Featured in the documentary “Darryl Jones: In the Blood,” he talks in the opening about music as a spiritual practice. A TM meditator, he recalls, “My mom gave me a book called ‘Yoga and Psychotherapy: The Evolution of Consciousness’ when I was about 11. It opened my eyes to a slightly different kind of spirituality. And I had a dog when I was around that age. He ran away and really broke my heart. I found a certain kind of solace in playing music. That’s when I started learning about harmonics and stuff like that, the kind of beauty of that sound on the bass. It helped me through it. That’s kind of where the spark of that came from. The more that you give yourself over to the music, the more of a spiritual pursuit it is in a way.”
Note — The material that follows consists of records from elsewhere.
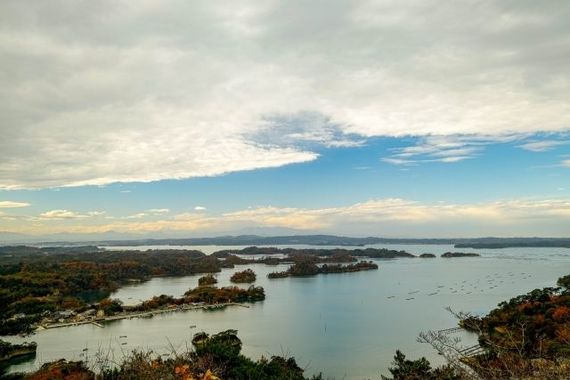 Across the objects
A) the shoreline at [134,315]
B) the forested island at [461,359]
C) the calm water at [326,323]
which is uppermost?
the forested island at [461,359]

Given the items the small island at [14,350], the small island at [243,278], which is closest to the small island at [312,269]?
the small island at [243,278]

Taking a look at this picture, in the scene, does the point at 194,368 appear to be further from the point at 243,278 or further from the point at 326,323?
the point at 243,278

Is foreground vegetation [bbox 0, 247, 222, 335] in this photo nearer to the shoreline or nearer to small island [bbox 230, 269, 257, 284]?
the shoreline

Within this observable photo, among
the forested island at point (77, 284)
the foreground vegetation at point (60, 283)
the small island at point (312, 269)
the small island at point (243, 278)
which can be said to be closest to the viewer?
the foreground vegetation at point (60, 283)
Crafting his own songs, he released the soulful vocal track “American Dream,” that has hints of classic Marvin Gaye and Curtis Mayfield. He’s currently working on a score for a film about South African artist Nelson Makamo, “a really brilliant painter and artist,” and he may hit the road again with the Stones next year.

“I’m looking forward to getting a band together for next spring and both before and after the next Stones’ tour,” he says.

As far as new Stone’s music, “there’s a lot of material that they’ve already recorded, quite a lot from this last record as well. So I think there’s material for a new record. I think the band is playing pretty well right now, despite having lost Charlie. They made a very good choice with Steve (Jordan on drums). He’s definitely brought some energy, kind of in the same way that when I joined the band, I brought slightly different energy than Bill (Wyman).”

Touring and recording with the Stones for so many years has been “just incredibly exciting,” he says. “We finished the (2024) tour at the end of July. It’s always going to be an amazing thing. Stones’ fans are a special breed, and bathing in that energy is just remarkable.”